Wie viel Erde braucht der Mensch? - Wilfried F. Noisternig

Wie viel Erde braucht der Mensch

Lebensspuren eines Bergbauern.
Ein fotografisches Porträt

Tyrolia 2016, 113 Seiten

„Begonnen hat diese Geschichte 2008 (…)“ schreibt der Autor zu Beginn dieses Bildbandes über das Leben und die Welt des „Kugler-Bauern“, der als Bergbauer in der Nähe von Matrei am Brenner im Tirol lebt. Das war der Beginn einer langjährigen Freundschaft zwischen dem Autor und dem inzwischen über 70jährigen Mann, der seit den späten 60er Jahren des 20. Jhdts. alleine auf dem Hof lebt.

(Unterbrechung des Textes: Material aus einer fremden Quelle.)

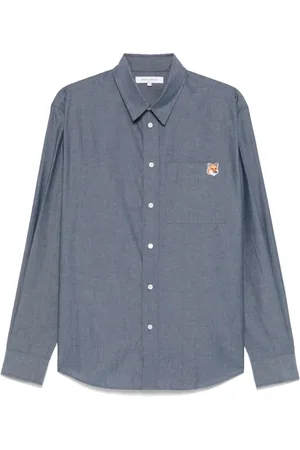 Maison Kitsuné Heren, Overhemden, Blauw, Maat: S Katoen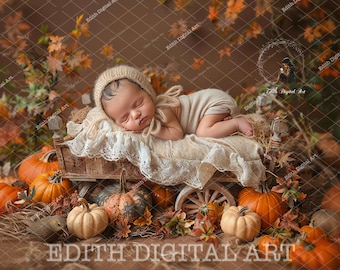 May include: A newborn baby wearing a beige bonnet and bodysuit, sleeping peacefully on a lace-trimmed blanket inside a miniature wooden wagon. The scene is decorated with pumpkins, autumn leaves, and the text "EDITH DIGITAL ART".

Auf das Vorwort folgen wunderschöne, ruhige Farbaufnahmen des Lebensumfeldes des Kugler-Bauern, das von Einfachheit und Beständigkeit gekennzeichnet ist. Ein Beispiel für die Beständigkeit ist der 2100 Meter lange Lärchenzaun, der teilweise schon über 50 Jahre steht. Nur ganz selten sieht man den Bauern selbst bei seinen Tätigkeiten oder bei der Sonntagsruhe, die eingehalten wird, egal wie schön das Wetter ist und es noch Gras zu mähen gäbe.

Abgeschlossen wird das Buch durch eine Erzählung von Leo Tolstoi mit dem gleichlautenden Titel wie es das vorliegende Buch hat. Diese Erzählung hatte der Kugler-Bauer als Kind in der Volksschule gehört – „das hab` ich mir gemerkt“ bemerkt er.